The HPQ provides students with skills, knowledge, and the opportunity for self- discovery, all of which are needed to make good, informed decisions about post-16 options and career goals beyond that.

In the English education system, students often choose their options for post-16 study before even completing their Key Stage 4(KS4) qualifications. (And these subjects are chosen at age 13 or 14.)

Most secondary schools are limited in what subjects they can offer in KS4, and this means that students are sometimes choosing post-16 courses of study without truly understanding the subject, the course requirements, or the career paths their course of study can open for them.

With limited resources, subject specialists, and hours in the timetable, how can schools help ensure their KS4 students are making informed decisions for their next phase of education? This is where the Higher Project Qualification (HPQ) can help.

As a self-directed project qualification for KS4, the HPQ allows students to explore any area of interest, regardless of its relevance to their current courses of study. If a student is considering A-Level Psychology, they may want to embark on a project that explores the role of psychology in modern advertising, or even conduct or recreate a psychological study with their peers. This would allow them to undertake research in the area, gain a greater understanding of the basics of psychology, and find out what it’s like to work as a psychologist.

With support from their supervisor, students can also find experts in the field to support their project, gaining further insight into career paths, and developing networking and communication skills. An HPQ in an academic subject of interest has the potential to support students to get a head start on their next phase of study, and more importantly, find out if the subjects they’ve yet to study in school are a good fit for them post-16 and beyond.

The HPQ, however, is not built to be a fundamentally academic qualification, and can also be extremely beneficial to students who have a more vocational path in mind.

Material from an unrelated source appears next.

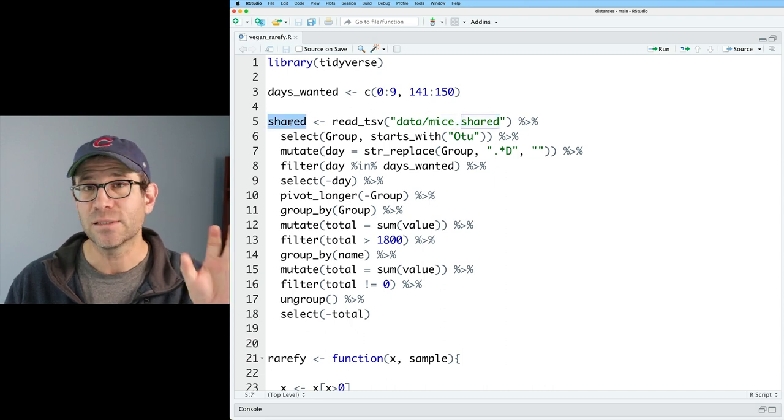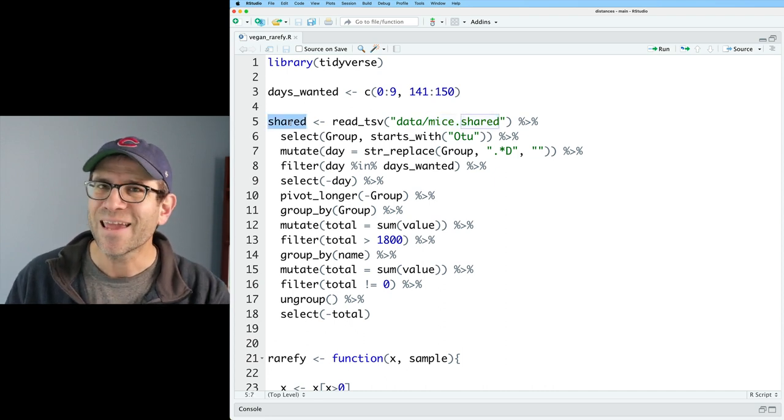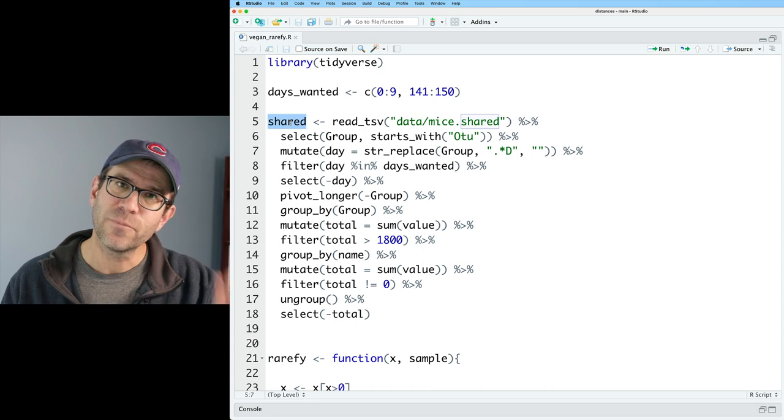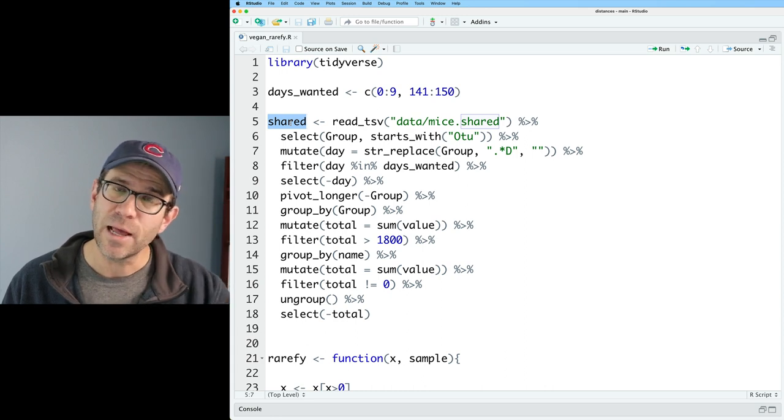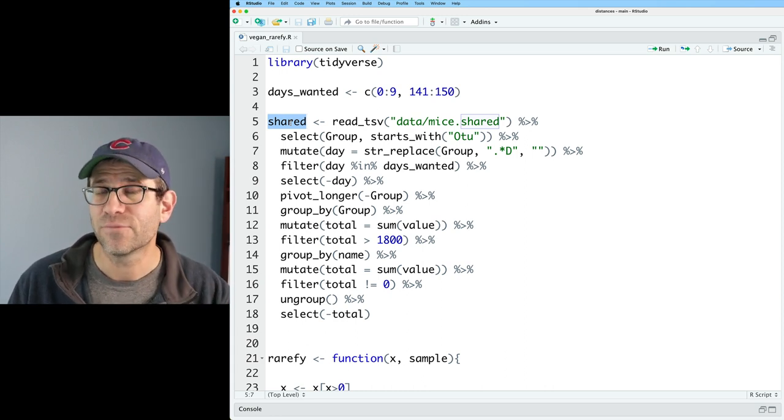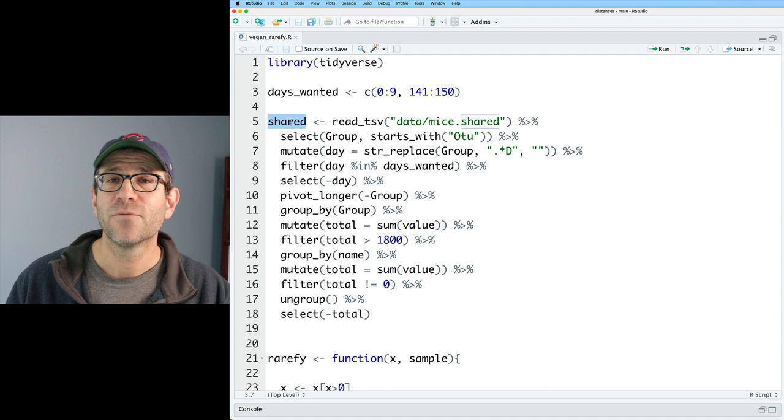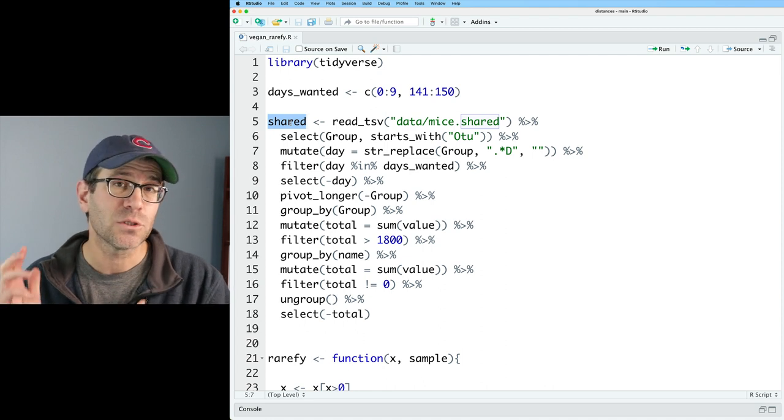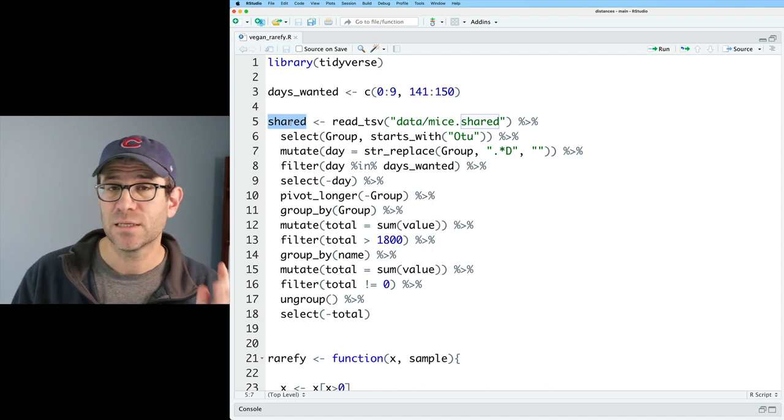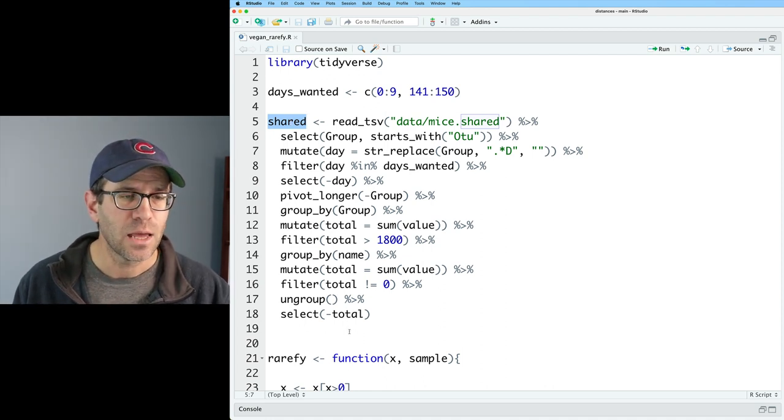So that's why I want to spend a little bit of time showing you how we can go through an object, a data frame, a tibble, like shared, which has a column for the sample ID, a column for the different taxa, and then a column for the number of times we saw each taxa in each of our samples.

Post-16 providers access to secondary schools can be piecemeal and difficult to coordinate, meaning that similarly for academic routes, students may end up on a technical course that they have little or no first-hand experience of. The HPQ provides the opportunity for students to create an artefact rather than a report or extended essay, which allows them to explore a more practical set of skills, and hopefully engage with professionals in a relevant area.

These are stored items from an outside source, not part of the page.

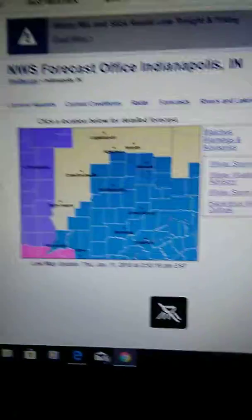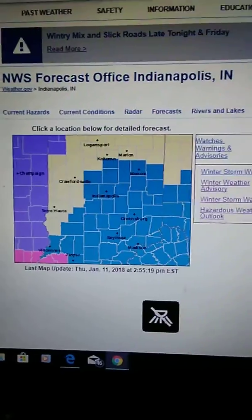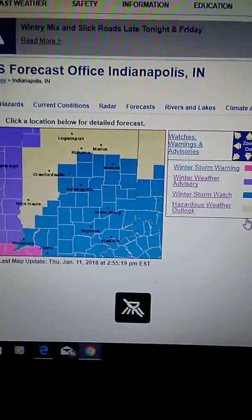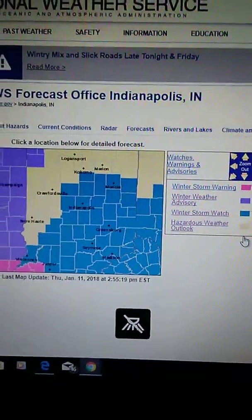The latest road conditions for Indiana can be obtained by calling 1-800-261-7623.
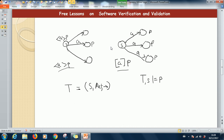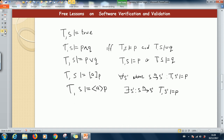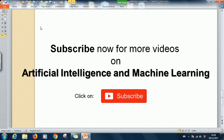Those are the notations you need to know for Hennessy-Milner logic. What we are going to do next is take an example, define a model, and use Hennessy-Milner logic to try to solve that model. That will be in part 2, so subscribe so you can follow when part 2 is published. Thank you for viewing.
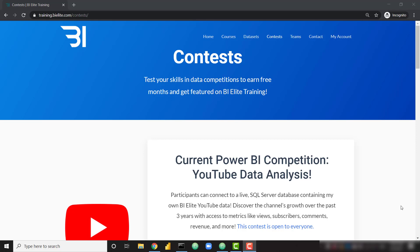What's up everybody, it's Park with BI Elite. We've just launched our fifth Power BI contest over at training.bielite.com/contests. This is probably the coolest contest that we've launched so far, covering YouTube data from the BI Elite YouTube channel. This contest is open to anyone who would like to participate.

Currently, Education and Childcare is the most subscribed T-Level course, but what KS4 subjects expose students to this line of work in meaningful ways? Students who are interested in taking on this T-Level might choose to do an HPQ project where they collaborate with a local primary school, and create a scheme of work and series of lesson plans. They could learn about special educational needs and design or build a functioning sensory room.

The opportunity to explore the area of Education and Childcare is vast, and students can gain a great understanding of that industry, and if they want to pursue it post-16. This is even more important for students interested in a T-Level like Surveying and Planning for Construction, where they are even less likely to have been exposed to the content or skill sets required before enrolling.

Project qualifications like the HPQ force educators to ask students, ‘What is it that you want to make, learn, or do?’.

This question alone forces students to think about who they are, what they enjoy and what they are good at. Unfortunately, in the current system, students are rarely asked these things until it is time to make potentially career defining decisions.

The HPQ, while providing the means for students to build essential skills, also allows them to explore subjects of interest in a relatively low stakes and high support environment. Exposing a student to their next passion, and maybe more importantly, inform them of the realities of a pathway that they are considering.

As educators, we have a responsibility for equipping our students for their next steps, and what could be better than giving them a chance to try before they buy? The HPQ, when delivered well, provides students with skills, knowledge, and the opportunity for self- discovery, all of which are needed to make good, informed decisions about post-16 options and career goals beyond that.